China owns U.S. debt, and U.S. food supply?

November 15, 2010

Diane Sawyer's evening news reports this week center on China - the culture and the business.

Diane Sawyer's evening news reports this week center on China - the culture and the business. What most consumers are about to discover is that China is now the third largest source of combined U.S. agricultural and seafood imports, according to the U.S. Department of Agriculture. U.S. imports of Chinese agricultural and seafood products increased roughly fourfold, from 433,000 metric tons (MT) and $1 billion in 1997 to 2.1 million MT and $4.9 billion in 2007 (the latest year USDA reports). 
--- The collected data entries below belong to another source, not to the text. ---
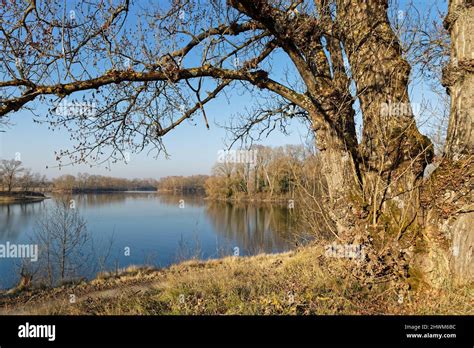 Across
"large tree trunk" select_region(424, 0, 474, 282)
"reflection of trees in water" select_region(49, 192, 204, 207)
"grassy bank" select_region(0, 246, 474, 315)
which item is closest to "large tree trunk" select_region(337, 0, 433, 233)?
"large tree trunk" select_region(424, 0, 474, 282)

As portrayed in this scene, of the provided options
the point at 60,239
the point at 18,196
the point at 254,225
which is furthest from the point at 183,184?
the point at 60,239

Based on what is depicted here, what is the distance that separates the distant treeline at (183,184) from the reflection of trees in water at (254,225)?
9.92 meters

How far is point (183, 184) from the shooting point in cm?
4912

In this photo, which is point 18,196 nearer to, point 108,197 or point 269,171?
point 108,197

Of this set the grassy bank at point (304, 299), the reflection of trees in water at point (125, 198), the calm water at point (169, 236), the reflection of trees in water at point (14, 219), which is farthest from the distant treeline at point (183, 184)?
the grassy bank at point (304, 299)

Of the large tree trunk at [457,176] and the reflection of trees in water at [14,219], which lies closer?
the large tree trunk at [457,176]

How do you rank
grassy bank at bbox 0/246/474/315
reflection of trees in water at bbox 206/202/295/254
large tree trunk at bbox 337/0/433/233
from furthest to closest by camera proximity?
reflection of trees in water at bbox 206/202/295/254 → large tree trunk at bbox 337/0/433/233 → grassy bank at bbox 0/246/474/315

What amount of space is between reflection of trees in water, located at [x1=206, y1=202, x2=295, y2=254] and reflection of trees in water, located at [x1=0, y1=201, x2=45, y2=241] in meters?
13.6

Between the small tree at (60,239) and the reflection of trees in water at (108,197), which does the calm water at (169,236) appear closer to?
the small tree at (60,239)

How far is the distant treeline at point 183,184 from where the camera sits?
154 ft

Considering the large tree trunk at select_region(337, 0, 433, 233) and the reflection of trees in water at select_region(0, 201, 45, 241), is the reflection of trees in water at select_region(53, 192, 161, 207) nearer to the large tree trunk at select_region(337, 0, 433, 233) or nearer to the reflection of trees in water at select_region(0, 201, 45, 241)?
the reflection of trees in water at select_region(0, 201, 45, 241)

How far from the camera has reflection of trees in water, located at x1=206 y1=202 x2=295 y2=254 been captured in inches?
593

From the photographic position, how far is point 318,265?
17.1 ft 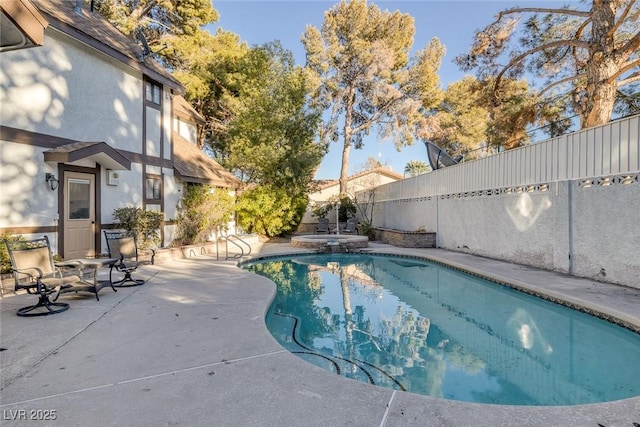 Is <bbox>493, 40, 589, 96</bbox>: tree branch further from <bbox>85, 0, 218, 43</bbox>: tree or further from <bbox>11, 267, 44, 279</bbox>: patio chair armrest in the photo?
<bbox>85, 0, 218, 43</bbox>: tree

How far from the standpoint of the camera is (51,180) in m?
8.92

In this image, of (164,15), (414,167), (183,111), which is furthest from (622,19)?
(414,167)

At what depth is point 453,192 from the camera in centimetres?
1500

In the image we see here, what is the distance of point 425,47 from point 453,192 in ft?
47.4

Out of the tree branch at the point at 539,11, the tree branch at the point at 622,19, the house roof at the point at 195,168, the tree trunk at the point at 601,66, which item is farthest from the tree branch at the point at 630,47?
the house roof at the point at 195,168

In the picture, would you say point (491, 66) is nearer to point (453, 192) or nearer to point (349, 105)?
point (453, 192)

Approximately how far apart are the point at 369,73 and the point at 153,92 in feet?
48.6

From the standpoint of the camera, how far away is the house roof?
47.6 feet

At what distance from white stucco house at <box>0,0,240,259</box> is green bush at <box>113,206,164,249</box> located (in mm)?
319

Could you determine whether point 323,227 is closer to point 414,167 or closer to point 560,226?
point 560,226

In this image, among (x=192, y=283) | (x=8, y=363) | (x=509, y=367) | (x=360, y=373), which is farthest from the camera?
(x=192, y=283)

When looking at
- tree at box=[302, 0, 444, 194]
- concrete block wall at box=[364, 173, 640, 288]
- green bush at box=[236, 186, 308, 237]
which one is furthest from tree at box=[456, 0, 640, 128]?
tree at box=[302, 0, 444, 194]

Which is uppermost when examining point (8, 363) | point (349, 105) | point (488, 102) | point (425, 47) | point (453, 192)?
point (425, 47)

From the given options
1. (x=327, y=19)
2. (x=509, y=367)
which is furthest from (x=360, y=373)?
(x=327, y=19)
According to the USDA’s Economic Research Service, China has emerged as a major exporter of a wide range of food products, mainly processed foods. China’s capital investment in processing facilities helped to achieve its export status, as illustrated by the remarkable growth in China’s apple juice concentrate exports since the 1990s. In 1998, Chinese fruit juice exports to the United States were valued below $30,000. However, the value of these imports soared above $356.8 million in 2009, making China the largest exporter of fruit juices (mainly apple) to the United States, a position long held by Brazil. Two-thirds of the U.S. apple juice supply now comes from China.

Fruit is not the only food import that has shifted over the past decade. Since 1999, China’s export of sauces, soups and prepared foods - which includes soy sauce, tomato ketchup, broths, mustard ice cream, edible ice, protein concentrates, and vinegar - increased from $32.1 million to over $107 million dollars.

Globalization has had a major impact on sources of consumer-ready food products from traditional suppliers, such as Canada, to developing countries, where manufacturing costs are lower. The USDA reports that severe competition from China and Indonesia resulted in the decline of Canada’s 60 percent share of the U.S. smoked and dried fish import market in 1998 to 20 percent in 2007. Similarly, Canada’s lead in U.S. market shares for frozen fish, processed meats, and fluid and powder milk eroded as market shares rose for China (fish, milk), Brazil (meat), and Mexico (milk). 

Eight countries – India, Indonesia, China, Brazil, Peru, Madagascar, Mexico, and Vietnam – accounted for three-fourths of spices imported into the United States in 2007, with India alone accounting for 24 percent. China and Brazil were the largest exporters of ginger to the United States. From 1999 to 2009, China’s spice trade with the U.S. increased from $20.8 million to $80.1 million.

When it comes to frozen and preserved seafood, Asia has a tight grip on the U.S. market. The bulk (over 75 percent) of fish products entered the United States frozen. About 84 percent of the frozen fish imported in 2007 were filets rather than whole fish. Two-thirds of imported filets came from Asia in 2007, mostly from China. In 1978, China accounted for 14 percent of filets, Canada for 13 percent, and Iceland for 12 percent. By 2007, China accounted for 49 percent and Canada and Iceland each accounted for 4 percent. Slightly over a third of frozen whole fish came from Asia – again China being the largest provider, accounting for 25 percent of imports. As of September 2010, 80% of tilapia (whole and filets) imported by the U.S. this year came from mainland China and Taiwan; while 4 percent of Atlantic Salmon imports were from China; and 8 percent of U.S. shrimp imports were from China.

Although imports from China were valued at only about 2 percent of the total value of 2007 fresh vegetable imports, they grew from $2 million in 1998 to almost $75.4 million in 2009. China was the second largest source of U.S. preserved vegetable imports in 2007, with a total import share valued at 20 percent. This dramatic growth in U.S. imports from China dipped only slightly, China ranked number one in dollar share of $105.6 million in 2009.

We even get some chocolate from China. Referred to as the “new chocolate exporters” – China, Chile and Russia have started to gain a share of the U.S. market, although Canada and Mexico accounted for almost two-thirds of all cocoa product imports to the United States as of 2007. U.S. imports of sugar candies doubled in value between 1998 and 2007, reaching $1.2 billion in 2007, and accounted for half of the value of all U.S. sugar and sugar product imports. Canada, Mexico, and China accounted for over 70 percent of all U.S. candy imports.

Look for more consumer interest on the supermarkets shelves as these abc news reports are sure to intensive Country of Origin Labels.